SUPPLIED MATERIAL section start
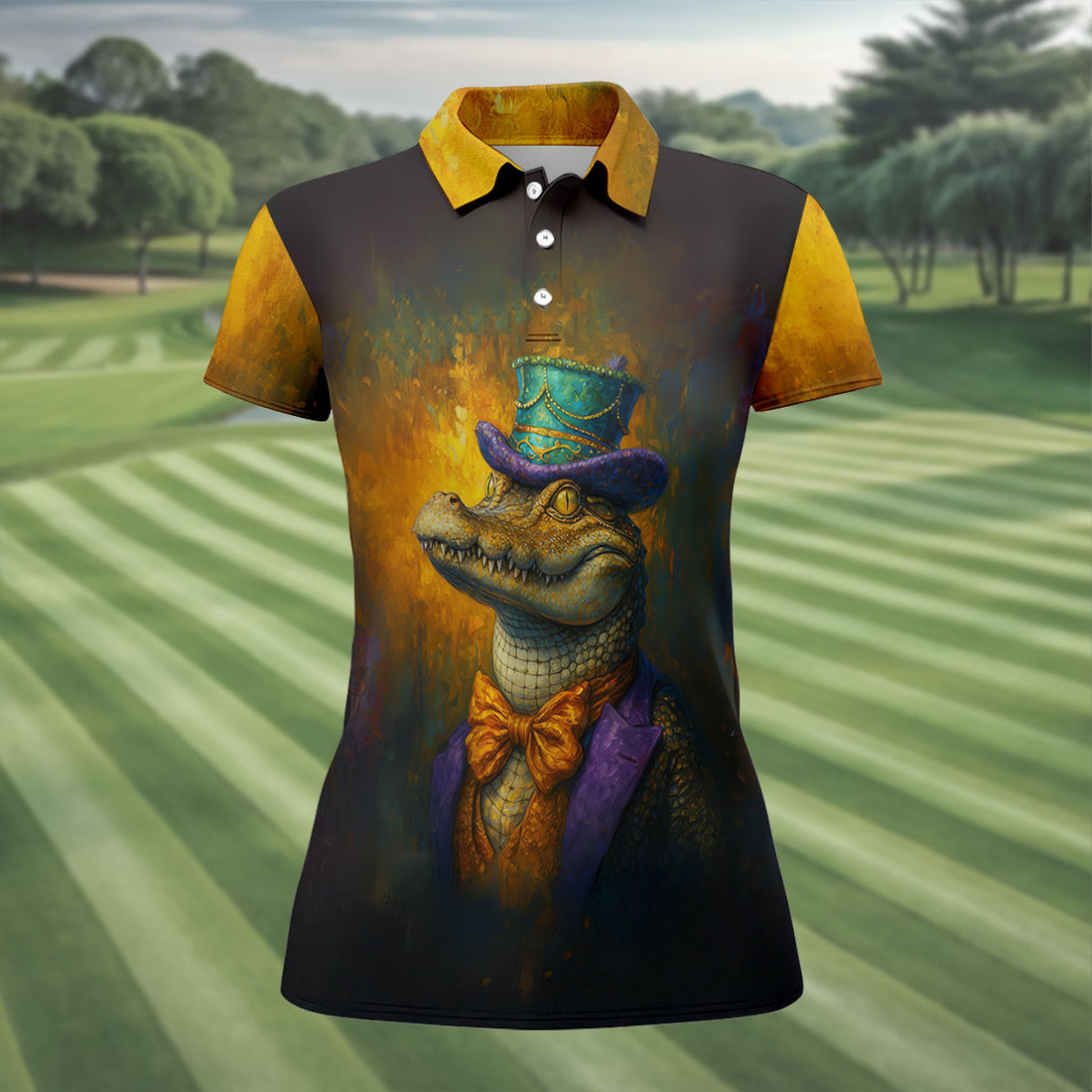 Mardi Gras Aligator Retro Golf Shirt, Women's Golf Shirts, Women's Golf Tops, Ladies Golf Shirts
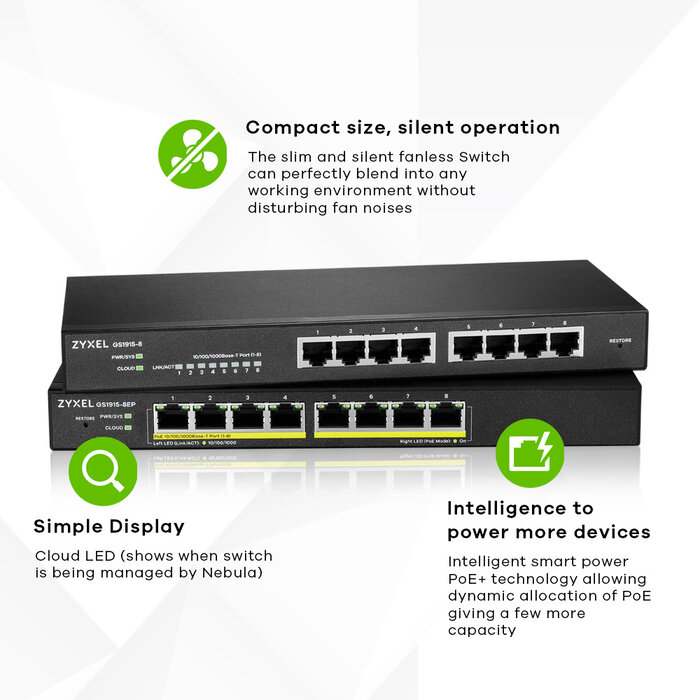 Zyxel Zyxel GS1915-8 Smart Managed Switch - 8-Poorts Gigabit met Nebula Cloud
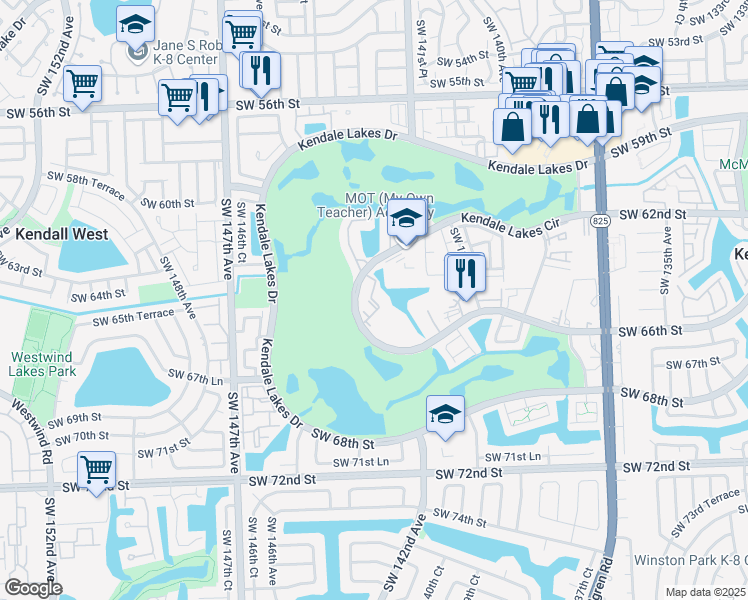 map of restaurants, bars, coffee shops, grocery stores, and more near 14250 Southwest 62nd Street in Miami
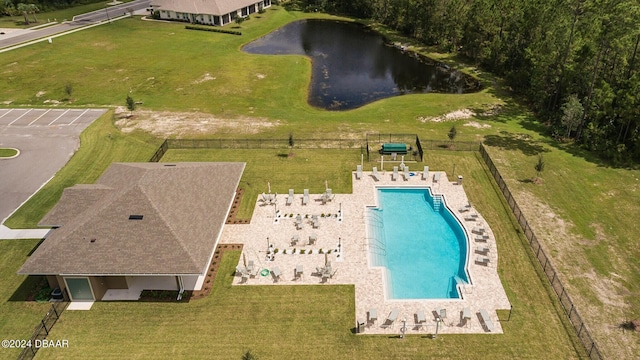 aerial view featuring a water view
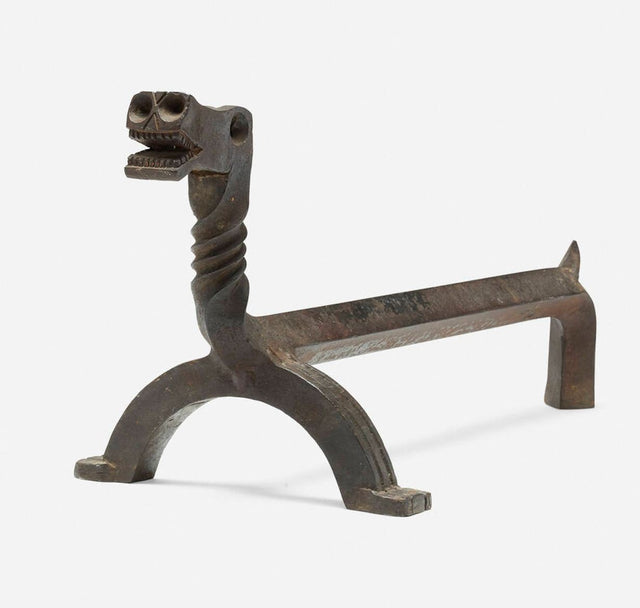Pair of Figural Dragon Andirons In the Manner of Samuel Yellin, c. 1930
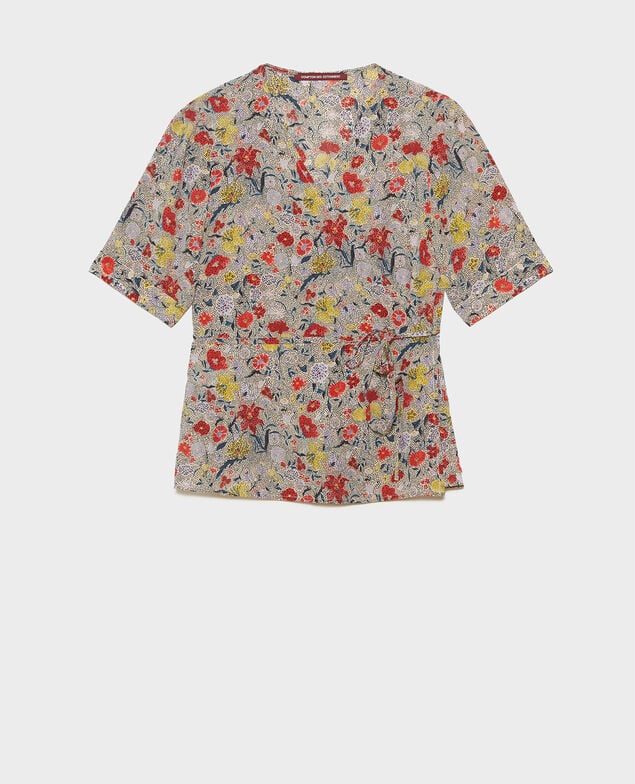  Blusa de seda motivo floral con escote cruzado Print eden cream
SUPPLIED MATERIAL section end
• EXERCISE PROMPT:
Transcribe the listing exactly; omit all images.

• EXERCISE ANSWER:
 Mardi Gras Aligator Retro Golf Shirt, Women's Golf Shirts, Women's Golf Tops, Ladies Golf Shirts
 Zyxel Zyxel GS1915-8 Smart Managed Switch - 8-Poorts Gigabit met Nebula Cloud
 map of restaurants, bars, coffee shops, grocery stores, and more near 14250 Southwest 62nd Street in Miami
 aerial view featuring a water view
Pair of Figural Dragon Andirons In the Manner of Samuel Yellin, c. 1930
  Blusa de seda motivo floral con escote cruzado Print eden cream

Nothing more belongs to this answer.